На этой теме зацикливается много учеников и искателей, и на самом деле здесь нет удовлетворительного ответа, не считая совета: «Пойди и сам посмотри». Рамана Махарши так говорил об этом: «"Я" отбрасывает иллюзию "я" и все еще остается этим "я". Таков парадокс самоосознания. Осознавший не видит в этом противоречия». Не осознавший видит противоречие, но, откровенно говоря, неосознавший видит много из того, чего нет.
Я продолжаю отвечать на вопрос Джули:
— Вероятно, вы слышали высказывание: «До просветления гора это гора, во время просветления гора не гора, а после просветления гора это снова гора». Что ж, так и есть. До просветления я верил, что мое эго это я, потом приходит просветление и эго больше нет, есть лишь лежащая в основе реальность. И вот после просветления эго может быть слегка неудобным, натирает временами, но это все, что у меня есть. Идея, что эго разрушается в процессе просветления относительно правильна, но не совсем. До просветления — вы человек в этом мире, как и все остальные, кого вы видите. Во время просветления вы осознаете, что человек, которого вы считали собой, — просто персонаж в пьесе и что мир, в котором, как вам казалось, вы живете, — просто сцена, и вы проходите через процесс радикальной разборки своего персонажа, чтобы увидеть, что останется, когда его не будет. В итоге это не просветленное я или истинное я, а не-я. Когда все кончено, приходит время снова быть человеком в мире, и это означает забраться обратно в костюм и вернуться на сцену.
— Но теперь вы знаете..?
— Конечно, потому что теперь вы действительно среди публики, смотрите драму. Я бы больше никогда не перепутал пьесу с реальностью или мой персонаж с моим истинным состоянием. К счастью, я никогда не знаю, что собирается сделать или сказать мой персонаж, пока он не сделает или не скажет, так что все представление остается интересным.

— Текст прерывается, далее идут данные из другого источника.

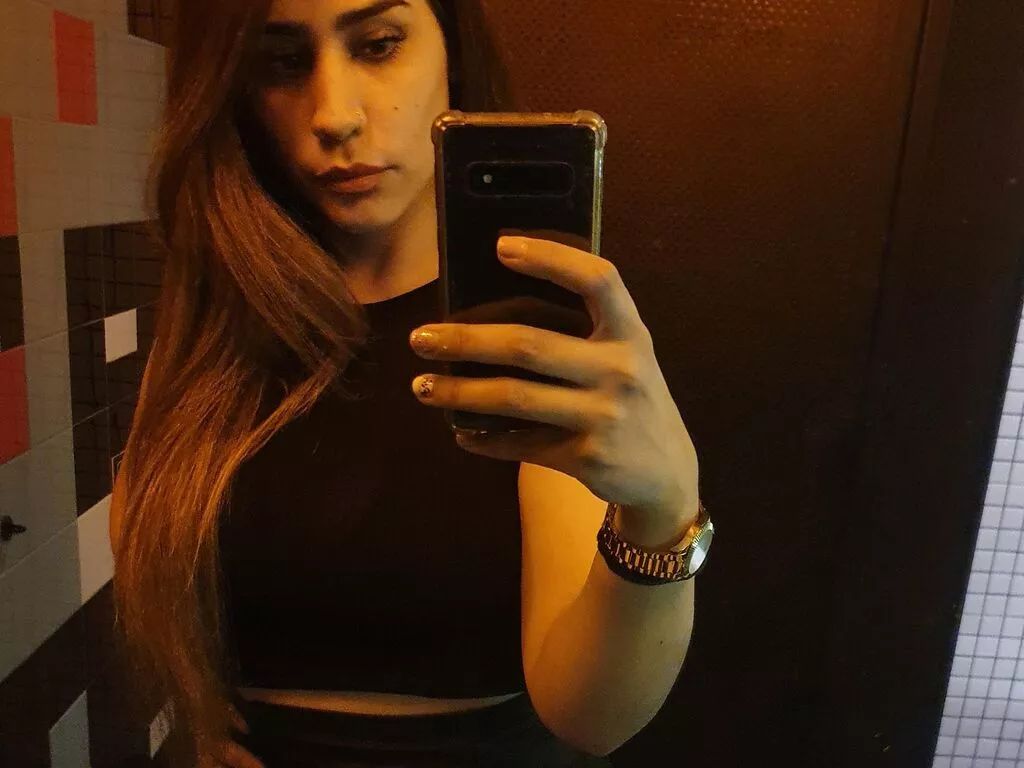 LiveJasmin NahiaraBiel is Freechat NahiaraBiel — chocolate ice cream,honesty, cute cats, true love, whats makes your heart tick?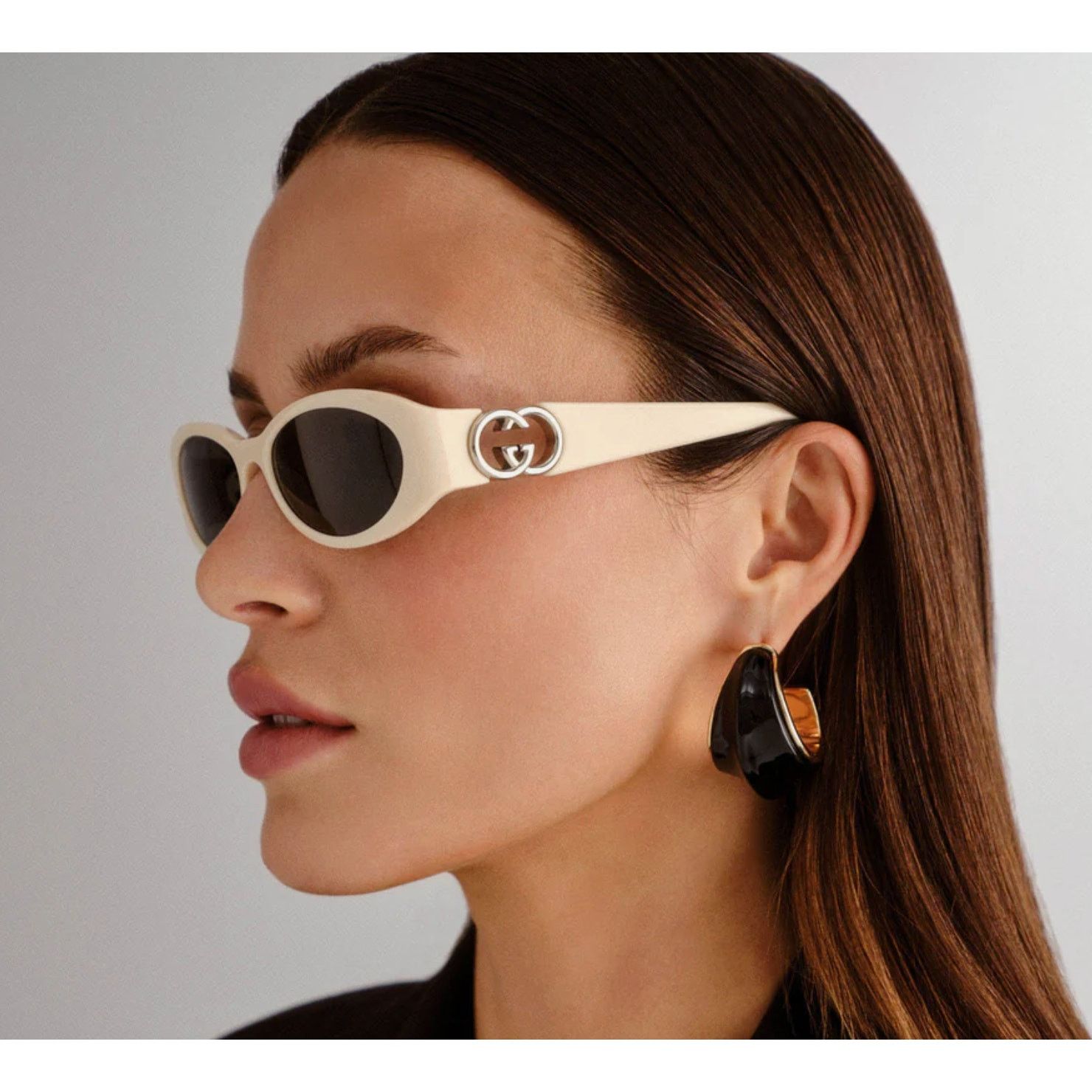 Gucci NEW Gucci GG1660S Ivory White Slim Oval Logo Sunglasses Size ONE SIZE - 3 Thumbnail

— Мне тут видится еще много противоречий. Во-первых, мы ничего не можем знать...
— Это все противоречия. Уитмен сказал: «Я противоречу себе? Ну что же, значит, я противоречу себе. Я широк, я вмещаю в себе множество разных людей». Он говорил о характерной проблеме всех подобных рассуждений. Когда ты не можешь ничего знать, это просто начальная точка исследования, ты как будто берешься за рукоятку коробки передач, прежде чем отправиться в долгое путешествие. Если ты собираешься странствовать ради самоисследования, то тебе захочется начать со слов: «Ладно, что я знаю наверняка? Что абсолютно достоверно?» Это и есть cogito. Жаль, мы не можем развести костер.
— А? Костер?
— Ага, прямо здесь, на террасе. Маленький очаг, бутылка вина, эта гроза. Правда приятный момент. Такое ощущение, что мы зря тратим его на всякую болтовню.
И мы еще некоторое время сидели молча, любуясь грозой. Хороших смотрителей бурь легко отличить — они счастливы. Без всяких сознательных усилий они всегда смотрят в правильное время в правильном направлении. Им не приходится крутить головой, приговаривая: «Черт, я пропустил отличный разряд молнии», — потому что они смотрят куда надо, когда это происходит. Джейн Робертс сказала, что чудеса это естественная беспрепятственность — хороший способ сказать, что если ты уберешь руки с штурвала, судно будет управляться само и сделает это куда лучше, чем смог бы ты сам. У Джули, кажется, есть эта способность расслабиться в моменте и позволить вселенной управлять происходящим.
Если в жизни и есть секрет счастья, то я бы сказал, что это как раз он.